It’s well-known now that Dylan’s stage name was borrowed from Dylan Thomas, a poet he admired. But before that, he must have just liked the sound of the name. Because in his earliest days as a performer, he appears to have spent a period spelling it as “Dillon”.
Whether that was in tribute to anyone is unclear. Many of history’s famous Dillons were Irish, including several Arthurs who fought in exile for France; John the Nationalist MP; and his son James, the Fine Gael leader and orator who once, defending himself against a charge of pro-Britishness, lectured Eamon de Valera: “my ancestors fought for Ireland […] on the continent of Europe while yours were banging banjos and bartering budgies in the backstreets of Barcelona.”
None of those are likely to have featured much in Minnesota, however. If the pre-Dylan Bob was borrowing anyone’s name, it may instead have been an American football star called Bobby Dan Dillon, who played for Green Bay Packers in neighbouring Wisconsin. Not only was well known locally during the 1950s, he may also have appealed to the singer for an ailment unusual among sports stars: as a result of childhood accidents, he had only one eye.
The later Dylan often sang about people with physical infirmity, ocular deficiencies included, eg: “And the one-eyed undertaker, he blows a feudal horn.” Indeed, among the old Blues singers he studied, the loss of at least one body organ was almost a professional requirement. Not so in football. And yet Bobby Dan Dillon became one of the best defensive linesmen of his era, still holding the Packers’ record for interceptions, despite the added handicap of playing for a bad team.

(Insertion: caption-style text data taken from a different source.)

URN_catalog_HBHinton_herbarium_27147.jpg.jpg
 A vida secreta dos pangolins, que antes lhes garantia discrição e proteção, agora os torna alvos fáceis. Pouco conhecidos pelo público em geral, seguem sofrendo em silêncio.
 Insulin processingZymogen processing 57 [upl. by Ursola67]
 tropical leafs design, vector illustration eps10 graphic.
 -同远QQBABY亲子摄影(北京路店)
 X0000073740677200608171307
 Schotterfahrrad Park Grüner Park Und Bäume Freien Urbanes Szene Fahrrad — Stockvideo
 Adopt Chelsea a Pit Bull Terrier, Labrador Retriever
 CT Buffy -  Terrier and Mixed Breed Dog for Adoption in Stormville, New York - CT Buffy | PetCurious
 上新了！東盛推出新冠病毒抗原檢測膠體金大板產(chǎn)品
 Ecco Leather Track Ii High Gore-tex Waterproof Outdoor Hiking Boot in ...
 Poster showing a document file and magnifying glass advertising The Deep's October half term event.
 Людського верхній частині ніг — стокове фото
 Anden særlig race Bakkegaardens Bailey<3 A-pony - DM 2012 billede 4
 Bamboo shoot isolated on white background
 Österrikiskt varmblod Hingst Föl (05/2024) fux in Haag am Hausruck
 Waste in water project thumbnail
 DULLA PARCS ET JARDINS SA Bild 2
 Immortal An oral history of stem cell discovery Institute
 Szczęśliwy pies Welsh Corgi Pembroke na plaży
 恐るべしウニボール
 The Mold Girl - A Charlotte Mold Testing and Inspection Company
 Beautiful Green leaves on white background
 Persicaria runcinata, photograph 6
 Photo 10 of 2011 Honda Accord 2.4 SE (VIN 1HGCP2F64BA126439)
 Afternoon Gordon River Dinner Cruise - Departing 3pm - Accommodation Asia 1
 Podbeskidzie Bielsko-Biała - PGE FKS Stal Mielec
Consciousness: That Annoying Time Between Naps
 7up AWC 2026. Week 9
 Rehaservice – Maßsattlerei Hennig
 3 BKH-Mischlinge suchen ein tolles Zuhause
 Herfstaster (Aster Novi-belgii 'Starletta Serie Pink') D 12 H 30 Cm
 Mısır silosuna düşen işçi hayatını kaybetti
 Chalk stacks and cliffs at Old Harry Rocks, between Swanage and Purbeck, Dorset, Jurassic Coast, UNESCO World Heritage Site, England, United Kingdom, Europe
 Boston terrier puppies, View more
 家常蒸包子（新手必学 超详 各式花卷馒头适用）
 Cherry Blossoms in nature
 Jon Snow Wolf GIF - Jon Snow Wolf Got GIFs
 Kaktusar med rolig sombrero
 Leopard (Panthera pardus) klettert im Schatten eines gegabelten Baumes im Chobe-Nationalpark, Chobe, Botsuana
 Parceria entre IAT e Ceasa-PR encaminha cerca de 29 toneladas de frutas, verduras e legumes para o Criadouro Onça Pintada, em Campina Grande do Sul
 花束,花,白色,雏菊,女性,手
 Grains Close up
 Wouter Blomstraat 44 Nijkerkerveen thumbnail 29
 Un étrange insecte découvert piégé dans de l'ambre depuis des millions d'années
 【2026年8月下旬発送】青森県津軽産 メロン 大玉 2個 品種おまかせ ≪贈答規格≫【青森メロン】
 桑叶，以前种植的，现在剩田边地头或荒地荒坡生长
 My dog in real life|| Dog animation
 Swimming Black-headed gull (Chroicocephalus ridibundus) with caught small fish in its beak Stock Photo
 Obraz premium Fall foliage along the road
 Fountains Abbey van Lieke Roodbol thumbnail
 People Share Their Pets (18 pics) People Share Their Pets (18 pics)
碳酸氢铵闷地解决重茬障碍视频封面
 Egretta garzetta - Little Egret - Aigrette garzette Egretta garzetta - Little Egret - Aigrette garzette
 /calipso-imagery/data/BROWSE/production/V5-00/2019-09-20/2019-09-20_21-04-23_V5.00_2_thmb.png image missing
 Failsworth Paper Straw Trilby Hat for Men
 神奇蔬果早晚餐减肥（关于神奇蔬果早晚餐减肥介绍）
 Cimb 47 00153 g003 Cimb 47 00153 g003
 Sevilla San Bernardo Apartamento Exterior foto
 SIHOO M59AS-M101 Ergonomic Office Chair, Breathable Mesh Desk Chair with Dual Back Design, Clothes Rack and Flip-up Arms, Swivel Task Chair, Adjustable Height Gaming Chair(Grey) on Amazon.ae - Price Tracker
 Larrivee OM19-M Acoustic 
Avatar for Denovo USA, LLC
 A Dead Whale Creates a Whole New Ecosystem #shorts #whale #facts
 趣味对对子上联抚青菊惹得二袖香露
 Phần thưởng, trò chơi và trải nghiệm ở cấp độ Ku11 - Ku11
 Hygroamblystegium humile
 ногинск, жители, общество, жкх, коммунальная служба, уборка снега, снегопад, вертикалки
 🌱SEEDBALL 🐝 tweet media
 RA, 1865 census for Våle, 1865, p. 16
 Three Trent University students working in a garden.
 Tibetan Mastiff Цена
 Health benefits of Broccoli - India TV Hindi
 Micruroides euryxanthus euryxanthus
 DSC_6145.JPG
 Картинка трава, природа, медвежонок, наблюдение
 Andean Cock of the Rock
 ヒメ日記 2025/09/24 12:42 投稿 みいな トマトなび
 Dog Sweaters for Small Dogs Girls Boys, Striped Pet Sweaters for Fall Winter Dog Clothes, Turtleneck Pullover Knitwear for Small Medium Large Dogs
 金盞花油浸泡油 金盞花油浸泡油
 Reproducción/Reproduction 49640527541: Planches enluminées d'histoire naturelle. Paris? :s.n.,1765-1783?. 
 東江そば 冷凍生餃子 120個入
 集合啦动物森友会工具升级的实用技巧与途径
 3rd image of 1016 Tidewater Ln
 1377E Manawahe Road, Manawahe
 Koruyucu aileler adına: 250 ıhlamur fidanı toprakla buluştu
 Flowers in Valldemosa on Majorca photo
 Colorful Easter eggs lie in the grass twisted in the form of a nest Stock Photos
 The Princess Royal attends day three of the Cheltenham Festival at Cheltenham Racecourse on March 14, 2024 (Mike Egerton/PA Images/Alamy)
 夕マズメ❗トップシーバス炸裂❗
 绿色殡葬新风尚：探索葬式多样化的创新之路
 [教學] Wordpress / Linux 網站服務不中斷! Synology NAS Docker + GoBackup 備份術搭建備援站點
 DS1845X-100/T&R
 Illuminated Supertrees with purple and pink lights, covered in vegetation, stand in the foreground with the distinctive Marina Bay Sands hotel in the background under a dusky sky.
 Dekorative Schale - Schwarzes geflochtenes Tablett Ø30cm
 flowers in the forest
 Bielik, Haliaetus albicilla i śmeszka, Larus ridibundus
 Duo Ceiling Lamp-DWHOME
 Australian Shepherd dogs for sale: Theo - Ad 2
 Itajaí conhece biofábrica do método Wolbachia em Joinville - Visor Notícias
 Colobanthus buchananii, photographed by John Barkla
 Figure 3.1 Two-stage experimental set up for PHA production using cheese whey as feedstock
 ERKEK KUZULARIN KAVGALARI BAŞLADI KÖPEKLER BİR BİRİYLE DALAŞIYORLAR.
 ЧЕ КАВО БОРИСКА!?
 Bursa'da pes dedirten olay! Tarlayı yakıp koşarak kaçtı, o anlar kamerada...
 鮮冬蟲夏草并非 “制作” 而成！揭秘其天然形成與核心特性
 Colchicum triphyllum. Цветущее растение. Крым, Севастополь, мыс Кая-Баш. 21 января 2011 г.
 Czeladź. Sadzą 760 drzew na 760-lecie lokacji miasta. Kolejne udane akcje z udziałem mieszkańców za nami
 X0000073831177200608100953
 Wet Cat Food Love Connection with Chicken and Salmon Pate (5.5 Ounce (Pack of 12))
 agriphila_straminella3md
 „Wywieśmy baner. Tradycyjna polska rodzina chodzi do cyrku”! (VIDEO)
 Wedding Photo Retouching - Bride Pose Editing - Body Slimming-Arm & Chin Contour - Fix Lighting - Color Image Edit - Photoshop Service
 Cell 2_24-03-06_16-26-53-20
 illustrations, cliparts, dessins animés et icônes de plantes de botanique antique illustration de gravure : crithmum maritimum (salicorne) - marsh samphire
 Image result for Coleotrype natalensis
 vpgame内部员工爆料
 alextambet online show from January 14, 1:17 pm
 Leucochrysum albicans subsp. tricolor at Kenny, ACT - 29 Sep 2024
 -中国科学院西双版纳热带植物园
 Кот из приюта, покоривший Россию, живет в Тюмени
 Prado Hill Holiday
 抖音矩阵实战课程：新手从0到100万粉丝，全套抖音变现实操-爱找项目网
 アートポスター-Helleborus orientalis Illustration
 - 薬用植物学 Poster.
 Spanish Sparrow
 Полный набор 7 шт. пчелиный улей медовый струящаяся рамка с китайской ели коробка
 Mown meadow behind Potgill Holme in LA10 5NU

I mention this partly in defence of a former Irishman’s Diarist, Seamus Kelly, who as late as June 1966 – the zenith of Dylan’s 1960s fame – referred to him in these pages as “Bob Dillon”. Had the error not been visual, I might suspect Kelly’s hearing had been affected by the singer’s concert in the Adelphi the previous month. Another contributor to Sunday’s book launch was Anne Heraty from Castleblayney, was at the Adelphi gig and, after the acoustic opening half, nearly had her “ears blown off” by the electric second.
Thanks to other Dylan cult members, who specialise in collecting his setlists, we know that the penultimate number that night was Ballad of a Thin Man. This must be what The Irish Times’s reviewer George Hodnett (now best known for writing “Monto”) really heard. But tinnitus must have been kicking in by then. According to his review, the set included “Ballad of a Lampshade”, a song not even the most devoted Dylanologists, nor indeed Google, have heard of since.